Nas últimas décadas,
houve uma explosão de marcas e artigos de luxo. O mercado, antes
restrito a uma diminuta elite urbana dos países desenvolvidos, ganhou o
mundo. Produtores se expandiram e consolidaram, constituindo corporações
bilionárias. Artigos com grifes de luxo são hoje cultuados e consumidos
por exuberantes caipiras na China, na Rússia e no Brasil.
Bens de luxo são associados a prestígio pessoal e status social.
Áreas de marketing e agências de propaganda manipulam meticulosamente
os seus atributos para fortalecer a autoestima e diferenciar quem os
adquire e exibe. Pesquisadores observam que o consumo extravagante de
bens de luxo é usado em certos círculos para atrair parceiros ou
parceiras e desencorajar rivais.
O mercado de bens de
luxo integra um amplo sistema de produção e consumo centrado em valores
materialistas, segundo os quais a imagem e a identidade pessoal emanam
das posses exibidas. O materialismo segue o dinheiro. Trabalhos
acadêmicos indicam que indivíduos que valorizam mais o dinheiro são
menos sociais e menos éticos, e tendem a se comportar com menor empatia e
menos compaixão.
Ocorre que a maior parte da pesquisa científica sobre o
efeito do consumo de bens de luxo foi realizada em laboratório, em
experimentos nos quais indivíduos se submeteram voluntariamente a
estímulos projetados por pesquisadores. Poucos estudos científicos sobre
o tema foram realizados em ambiente natural, nas lojas ou centros de
compras.
Considerando essa lacuna, os pesquisadores Lubomir Lamy,
Nicolas Guéguen, Jacques Fischer-Lokou e Jérôme Guegan conduziram uma
série de experimentos nos arredores de lojas de artigos de luxo em
Paris. Tais lojas são símbolos de valores materialistas. Seus produtos e
marcas evocam riqueza, prestígio e diferenciação.

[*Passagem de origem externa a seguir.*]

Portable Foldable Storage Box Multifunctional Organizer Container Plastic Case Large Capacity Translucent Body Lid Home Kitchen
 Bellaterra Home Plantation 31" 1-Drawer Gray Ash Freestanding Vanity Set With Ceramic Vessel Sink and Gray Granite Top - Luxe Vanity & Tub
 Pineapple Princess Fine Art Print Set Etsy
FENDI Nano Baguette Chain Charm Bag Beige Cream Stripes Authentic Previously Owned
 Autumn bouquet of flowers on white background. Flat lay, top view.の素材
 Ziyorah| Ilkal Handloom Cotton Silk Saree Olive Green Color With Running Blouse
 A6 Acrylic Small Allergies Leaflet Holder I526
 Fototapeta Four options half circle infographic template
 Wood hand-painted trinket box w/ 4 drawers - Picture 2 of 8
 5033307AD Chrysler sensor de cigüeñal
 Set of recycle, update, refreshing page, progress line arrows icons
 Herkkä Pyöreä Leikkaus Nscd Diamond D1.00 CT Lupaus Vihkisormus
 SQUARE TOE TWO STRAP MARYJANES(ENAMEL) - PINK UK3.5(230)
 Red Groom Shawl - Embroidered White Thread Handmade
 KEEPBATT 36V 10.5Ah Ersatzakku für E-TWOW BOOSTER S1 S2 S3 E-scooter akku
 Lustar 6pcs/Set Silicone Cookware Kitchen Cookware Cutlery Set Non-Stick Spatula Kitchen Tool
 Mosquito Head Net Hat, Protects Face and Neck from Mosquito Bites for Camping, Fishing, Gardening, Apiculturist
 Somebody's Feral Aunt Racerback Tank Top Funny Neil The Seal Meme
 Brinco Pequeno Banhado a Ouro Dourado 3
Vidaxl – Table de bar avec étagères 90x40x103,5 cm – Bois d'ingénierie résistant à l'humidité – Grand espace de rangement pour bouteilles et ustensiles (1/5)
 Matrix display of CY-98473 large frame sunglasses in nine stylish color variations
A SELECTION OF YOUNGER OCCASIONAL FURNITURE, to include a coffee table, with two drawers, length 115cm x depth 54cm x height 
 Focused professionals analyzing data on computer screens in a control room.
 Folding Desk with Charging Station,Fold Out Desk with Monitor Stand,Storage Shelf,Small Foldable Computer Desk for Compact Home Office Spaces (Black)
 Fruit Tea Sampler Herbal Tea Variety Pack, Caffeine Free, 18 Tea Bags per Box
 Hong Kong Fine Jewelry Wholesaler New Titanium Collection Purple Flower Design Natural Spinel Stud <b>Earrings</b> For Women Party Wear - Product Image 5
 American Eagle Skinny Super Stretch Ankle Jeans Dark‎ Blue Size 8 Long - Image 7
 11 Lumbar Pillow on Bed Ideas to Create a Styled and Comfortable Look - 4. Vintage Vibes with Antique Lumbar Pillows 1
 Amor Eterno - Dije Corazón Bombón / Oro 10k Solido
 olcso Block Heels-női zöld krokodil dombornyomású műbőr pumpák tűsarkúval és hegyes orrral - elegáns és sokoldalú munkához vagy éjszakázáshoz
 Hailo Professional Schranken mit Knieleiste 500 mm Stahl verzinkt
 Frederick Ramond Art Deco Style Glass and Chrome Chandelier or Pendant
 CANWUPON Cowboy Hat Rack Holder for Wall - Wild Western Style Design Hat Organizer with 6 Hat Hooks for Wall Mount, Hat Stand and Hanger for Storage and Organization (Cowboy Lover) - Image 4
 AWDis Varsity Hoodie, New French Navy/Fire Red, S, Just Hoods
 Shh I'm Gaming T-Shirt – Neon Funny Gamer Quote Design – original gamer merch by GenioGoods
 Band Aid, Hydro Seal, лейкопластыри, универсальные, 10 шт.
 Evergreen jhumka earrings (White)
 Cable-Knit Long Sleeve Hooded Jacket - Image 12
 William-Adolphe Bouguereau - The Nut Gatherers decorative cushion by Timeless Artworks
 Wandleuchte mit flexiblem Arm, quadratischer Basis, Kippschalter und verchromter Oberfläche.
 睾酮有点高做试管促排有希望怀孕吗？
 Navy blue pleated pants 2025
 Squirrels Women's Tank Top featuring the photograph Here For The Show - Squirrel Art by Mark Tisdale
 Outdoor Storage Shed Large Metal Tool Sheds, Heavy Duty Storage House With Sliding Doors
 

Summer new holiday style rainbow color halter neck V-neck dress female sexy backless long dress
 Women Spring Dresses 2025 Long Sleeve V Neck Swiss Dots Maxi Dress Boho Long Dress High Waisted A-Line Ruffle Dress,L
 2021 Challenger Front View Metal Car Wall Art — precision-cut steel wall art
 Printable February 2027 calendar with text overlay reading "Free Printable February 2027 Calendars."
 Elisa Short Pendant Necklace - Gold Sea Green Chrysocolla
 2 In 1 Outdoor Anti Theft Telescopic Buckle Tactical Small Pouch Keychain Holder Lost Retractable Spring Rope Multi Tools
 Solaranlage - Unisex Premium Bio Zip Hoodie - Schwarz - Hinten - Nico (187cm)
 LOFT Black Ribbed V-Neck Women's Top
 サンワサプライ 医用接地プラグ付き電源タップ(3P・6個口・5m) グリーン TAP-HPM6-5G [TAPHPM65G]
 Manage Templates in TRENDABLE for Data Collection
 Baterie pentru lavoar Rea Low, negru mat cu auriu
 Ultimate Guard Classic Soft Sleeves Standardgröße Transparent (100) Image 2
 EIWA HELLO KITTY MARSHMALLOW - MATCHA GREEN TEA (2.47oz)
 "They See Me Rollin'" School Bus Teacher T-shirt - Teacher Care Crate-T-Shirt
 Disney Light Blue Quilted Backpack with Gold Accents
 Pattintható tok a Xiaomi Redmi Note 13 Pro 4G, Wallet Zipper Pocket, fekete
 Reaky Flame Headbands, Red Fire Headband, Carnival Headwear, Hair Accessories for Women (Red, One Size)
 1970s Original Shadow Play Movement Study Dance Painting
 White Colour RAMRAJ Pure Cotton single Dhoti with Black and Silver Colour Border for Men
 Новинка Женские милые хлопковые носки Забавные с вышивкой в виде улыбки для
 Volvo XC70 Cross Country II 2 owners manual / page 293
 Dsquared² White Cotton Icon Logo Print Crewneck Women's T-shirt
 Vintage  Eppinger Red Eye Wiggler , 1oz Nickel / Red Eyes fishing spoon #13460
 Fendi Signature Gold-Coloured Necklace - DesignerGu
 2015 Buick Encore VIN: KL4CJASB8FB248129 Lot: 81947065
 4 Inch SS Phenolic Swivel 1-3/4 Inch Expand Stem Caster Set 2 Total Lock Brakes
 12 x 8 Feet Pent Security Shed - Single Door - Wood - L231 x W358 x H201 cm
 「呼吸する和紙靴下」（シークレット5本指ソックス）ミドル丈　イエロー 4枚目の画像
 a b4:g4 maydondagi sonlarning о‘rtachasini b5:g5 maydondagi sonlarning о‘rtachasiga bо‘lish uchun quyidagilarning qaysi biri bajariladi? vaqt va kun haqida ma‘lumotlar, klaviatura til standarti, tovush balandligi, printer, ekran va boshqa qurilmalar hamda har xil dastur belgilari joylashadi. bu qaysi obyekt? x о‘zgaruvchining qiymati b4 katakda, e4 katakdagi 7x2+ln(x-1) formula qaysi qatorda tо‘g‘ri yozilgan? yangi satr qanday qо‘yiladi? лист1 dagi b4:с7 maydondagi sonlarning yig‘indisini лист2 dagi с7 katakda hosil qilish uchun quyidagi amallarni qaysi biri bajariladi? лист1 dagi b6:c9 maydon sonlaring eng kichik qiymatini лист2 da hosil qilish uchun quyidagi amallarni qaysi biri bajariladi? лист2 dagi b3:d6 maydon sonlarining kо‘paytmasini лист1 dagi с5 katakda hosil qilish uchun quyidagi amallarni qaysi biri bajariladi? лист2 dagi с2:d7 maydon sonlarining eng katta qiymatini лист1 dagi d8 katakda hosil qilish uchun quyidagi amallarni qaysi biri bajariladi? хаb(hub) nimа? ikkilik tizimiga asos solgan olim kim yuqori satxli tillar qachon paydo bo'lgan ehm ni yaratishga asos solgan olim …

Lamy e colaboradores estavam interessados em avaliar a
hipótese segundo a qual tais valores inibem a benevolência e a
inclinação a ajudar o próximo. Pesquisas anteriores já haviam sugerido
que o materialismo namora o hedonismo da busca por status e poder e vive
às turras com a generosidade e a preocupação em relação aos outros.
Faltava uma comprovação em ambiente natural.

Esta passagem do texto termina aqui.